518. Alex in Numberland

I’m tutoring a nine year old boy named Alex. He doesn’t have all the skills and knowledge other children his age have, and his parents hope that he’ll catch up with them a little by working with me. I spoke with his mother and two of his teachers to find out what to focus on this summer. We decided that Alex and I should focus on reading, writing, and times tables.
So we’re creating a book called “Alex in Numberland.” Sometimes Alex sits at my computer and types while I help him spell words he doesn’t know. I miss no opportunity to let him know I enjoy the ideas he comes up with. Some of his ideas don’t work as well as others, and I have his permission to make changes in the story, as long as I explain my changes to his satisfaction. So we are co- authors.
In the story, Alex starts out by getting sucked into his mirror (his idea – he must know about Through the Looking Glass). He finds himself in a place where all people have numbers instead of names. For example, Alex is #5, and I am #7 (He put me in the story, too).
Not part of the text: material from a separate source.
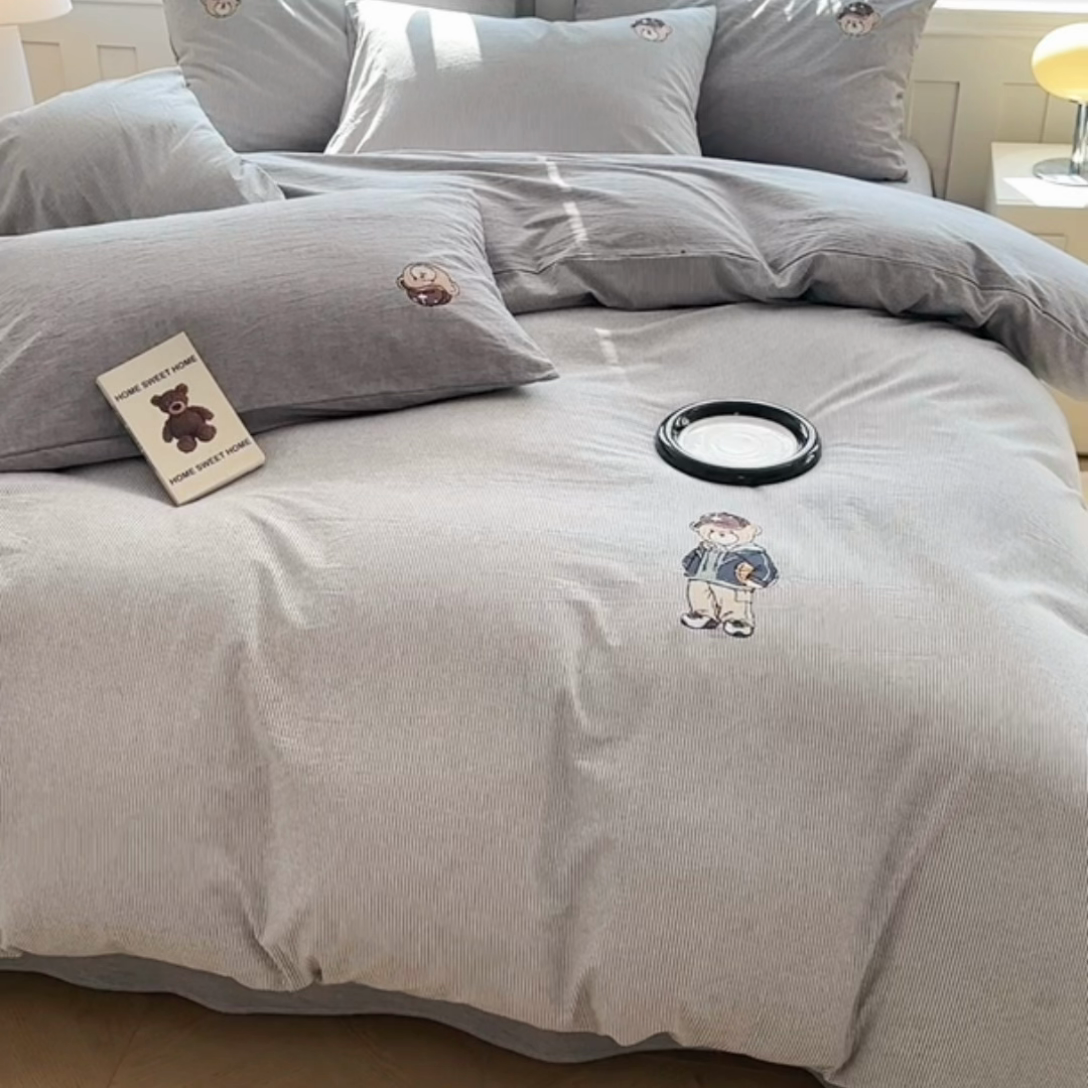 91家纺网 家纺一手货源 找家纺 大境 2026新款色织全棉水洗棉刺绣四件套小清新纯棉四件套 篮球小熊-细条灰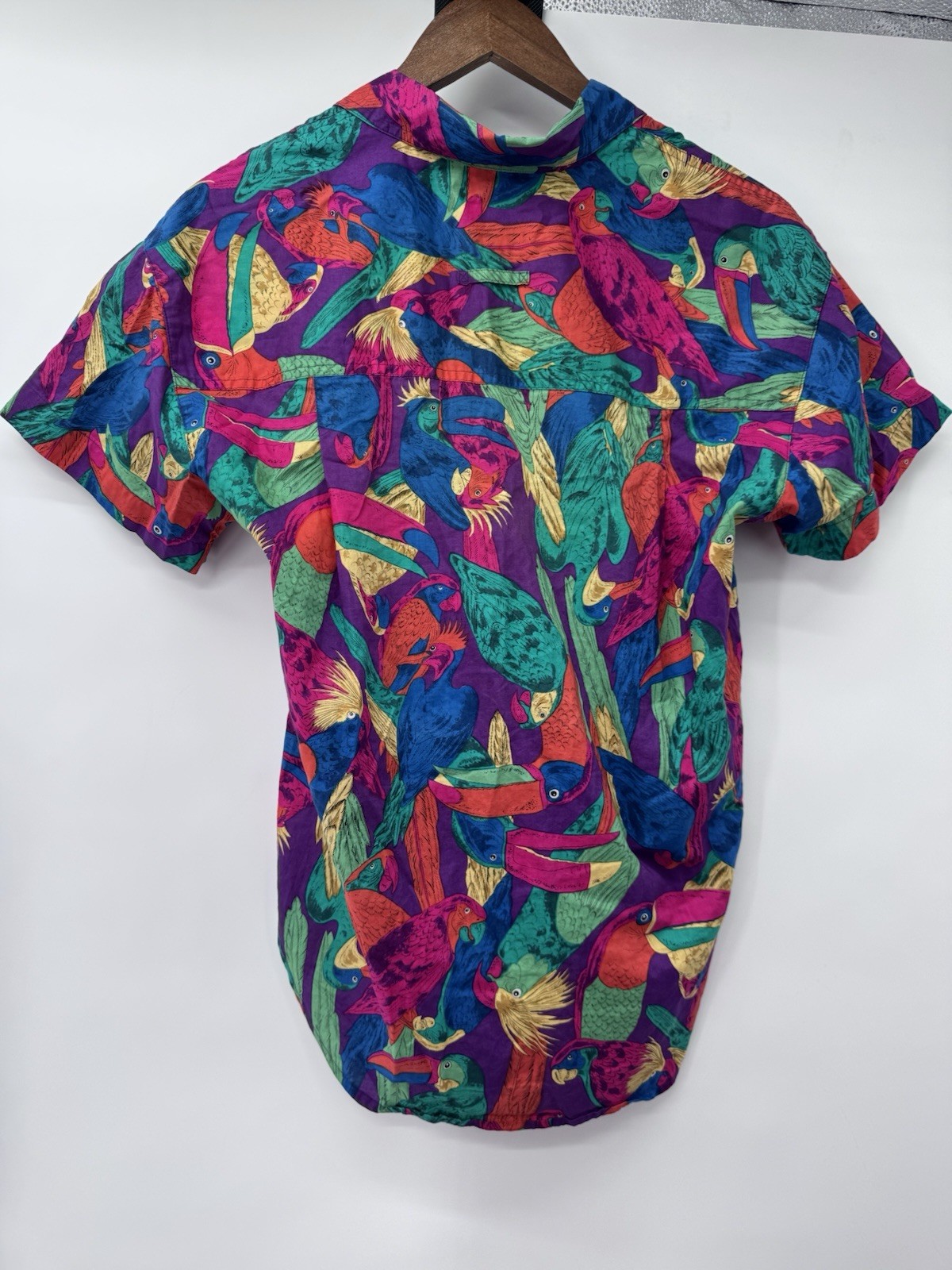 Vtg tropical bird pattern shirt abstract colorful JG Hook size 4 button up artsy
About an hour after our first session, I decided that Alex could learn the times tables through the story. For example, a man named 99 is giving away Reese’s Peanut Butter Cups, which Alex doesn’t like, and Alex, too shy to turn down the man’s offer, has to decide whether to accept 3 x 3, 3 x 4, or 3 x 5 peanut butter cups. He chooses 3 x 3, which, he assures me, is nine. He also figures out and tells me that he has turned down 12 and 15.
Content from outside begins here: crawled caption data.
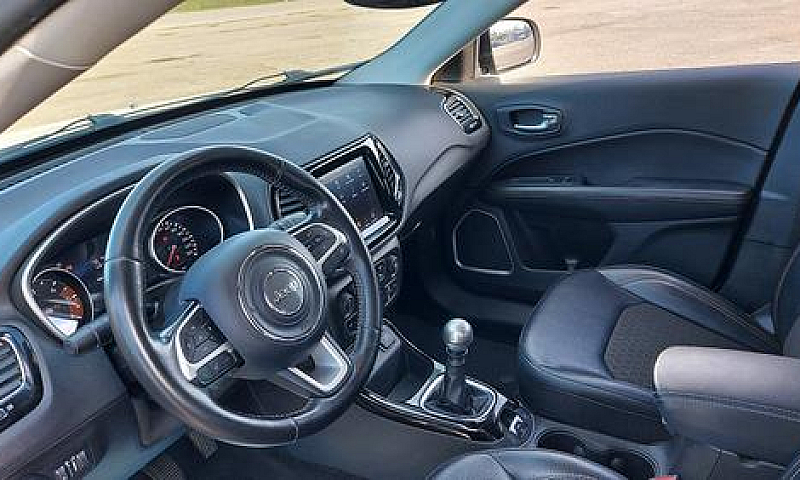 Jeep Compass 2021 1....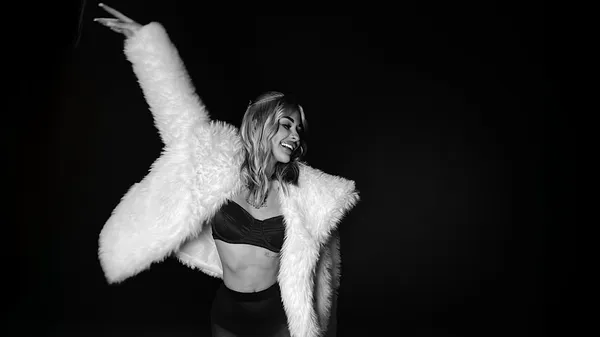 "Нова я": Ситникова вражає зміною іміджу – з білявки в брюнетку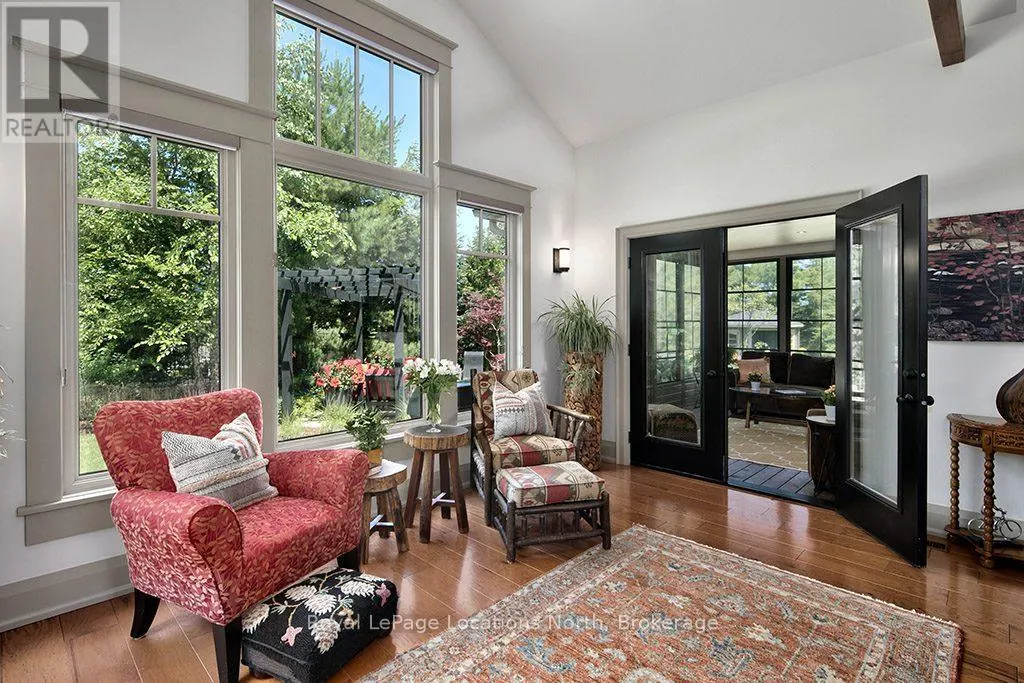 376 SUNSET BOULEVARD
Alex and I are having fun. Because he evaluates (and usually accepts) my editing, he’s learning about the writing process. As far as spelling, I sneak in attempts to get him to sound out words. He reads what he writes, and with his permission, I add my own ideas to the story, which he also reads. We’ll keep putting math problems into the story, which he thinks was his idea, and I think was mine. But let’s say it was his.
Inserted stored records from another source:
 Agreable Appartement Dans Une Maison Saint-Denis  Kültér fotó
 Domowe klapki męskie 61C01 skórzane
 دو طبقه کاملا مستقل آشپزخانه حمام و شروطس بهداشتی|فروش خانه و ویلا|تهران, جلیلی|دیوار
I consider the fun and my voiced appreciation of his thinking and learning the most important part of what’s going on. The actual reading, writing, and ‘rithmetic are incidental. In school, those subjects are often emphasized in a way that isn’t fun, and is detrimental to children’s self-esteem. Teachers tend to judge themselves and children using the “three R’s” as criteria. Children do, too. And incidentally, I think children have more difficulty with the “three R’s” when those “basics” are treated with that kind of obsession.
Tutoring, in some ways, is teaching at its best. Alex and I are two friends creating a book together. We laugh a lot, and though I may use a few tricks to keep him on task and get him to be more ready for the challenges of fourth grade, that’s not what our sessions are mainly about. School offers some things I don’t offer, such as other children and a wider variety of exciting materials. But I think these tutoring sessions are more like education than some of what happens in school.